Brief descriptive captions:
____________________

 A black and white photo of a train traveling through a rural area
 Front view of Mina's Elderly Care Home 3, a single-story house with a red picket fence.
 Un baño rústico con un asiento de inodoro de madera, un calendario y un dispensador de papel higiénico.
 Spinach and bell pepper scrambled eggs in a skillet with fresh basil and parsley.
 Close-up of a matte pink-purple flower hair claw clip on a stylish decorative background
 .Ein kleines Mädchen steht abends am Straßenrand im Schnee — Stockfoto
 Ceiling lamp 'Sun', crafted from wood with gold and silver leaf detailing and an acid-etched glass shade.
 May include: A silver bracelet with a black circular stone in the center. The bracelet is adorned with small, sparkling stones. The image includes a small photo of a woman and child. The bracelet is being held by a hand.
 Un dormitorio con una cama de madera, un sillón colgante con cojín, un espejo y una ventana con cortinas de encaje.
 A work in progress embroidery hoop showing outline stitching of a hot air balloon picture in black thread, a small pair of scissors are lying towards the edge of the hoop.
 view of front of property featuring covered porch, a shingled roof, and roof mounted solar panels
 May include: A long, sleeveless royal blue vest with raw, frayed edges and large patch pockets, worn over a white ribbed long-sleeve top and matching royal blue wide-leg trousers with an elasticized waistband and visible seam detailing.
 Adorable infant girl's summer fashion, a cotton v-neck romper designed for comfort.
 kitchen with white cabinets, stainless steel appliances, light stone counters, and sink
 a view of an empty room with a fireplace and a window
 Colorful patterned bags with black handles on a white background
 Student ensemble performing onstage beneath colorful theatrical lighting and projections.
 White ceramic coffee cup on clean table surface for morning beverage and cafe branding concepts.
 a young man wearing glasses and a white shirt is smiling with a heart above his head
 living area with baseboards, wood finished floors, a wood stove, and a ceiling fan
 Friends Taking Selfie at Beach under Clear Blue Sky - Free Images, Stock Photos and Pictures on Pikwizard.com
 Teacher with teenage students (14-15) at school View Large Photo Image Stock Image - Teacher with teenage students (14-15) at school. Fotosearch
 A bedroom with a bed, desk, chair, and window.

____________________

→ **What needs to be done**: Please quote the data above in full, with no line missing.

→ **Answer below**:
 A black and white photo of a train traveling through a rural area
 Front view of Mina's Elderly Care Home 3, a single-story house with a red picket fence.
 Un baño rústico con un asiento de inodoro de madera, un calendario y un dispensador de papel higiénico.
 Spinach and bell pepper scrambled eggs in a skillet with fresh basil and parsley.
 Close-up of a matte pink-purple flower hair claw clip on a stylish decorative background
 .Ein kleines Mädchen steht abends am Straßenrand im Schnee — Stockfoto
 Ceiling lamp 'Sun', crafted from wood with gold and silver leaf detailing and an acid-etched glass shade.
 May include: A silver bracelet with a black circular stone in the center. The bracelet is adorned with small, sparkling stones. The image includes a small photo of a woman and child. The bracelet is being held by a hand.
 Un dormitorio con una cama de madera, un sillón colgante con cojín, un espejo y una ventana con cortinas de encaje.
 A work in progress embroidery hoop showing outline stitching of a hot air balloon picture in black thread, a small pair of scissors are lying towards the edge of the hoop.
 view of front of property featuring covered porch, a shingled roof, and roof mounted solar panels
 May include: A long, sleeveless royal blue vest with raw, frayed edges and large patch pockets, worn over a white ribbed long-sleeve top and matching royal blue wide-leg trousers with an elasticized waistband and visible seam detailing.
 Adorable infant girl's summer fashion, a cotton v-neck romper designed for comfort.
 kitchen with white cabinets, stainless steel appliances, light stone counters, and sink
 a view of an empty room with a fireplace and a window
 Colorful patterned bags with black handles on a white background
 Student ensemble performing onstage beneath colorful theatrical lighting and projections.
 White ceramic coffee cup on clean table surface for morning beverage and cafe branding concepts.
 a young man wearing glasses and a white shirt is smiling with a heart above his head
 living area with baseboards, wood finished floors, a wood stove, and a ceiling fan
 Friends Taking Selfie at Beach under Clear Blue Sky - Free Images, Stock Photos and Pictures on Pikwizard.com
 Teacher with teenage students (14-15) at school View Large Photo Image Stock Image - Teacher with teenage students (14-15) at school. Fotosearch
 A bedroom with a bed, desk, chair, and window.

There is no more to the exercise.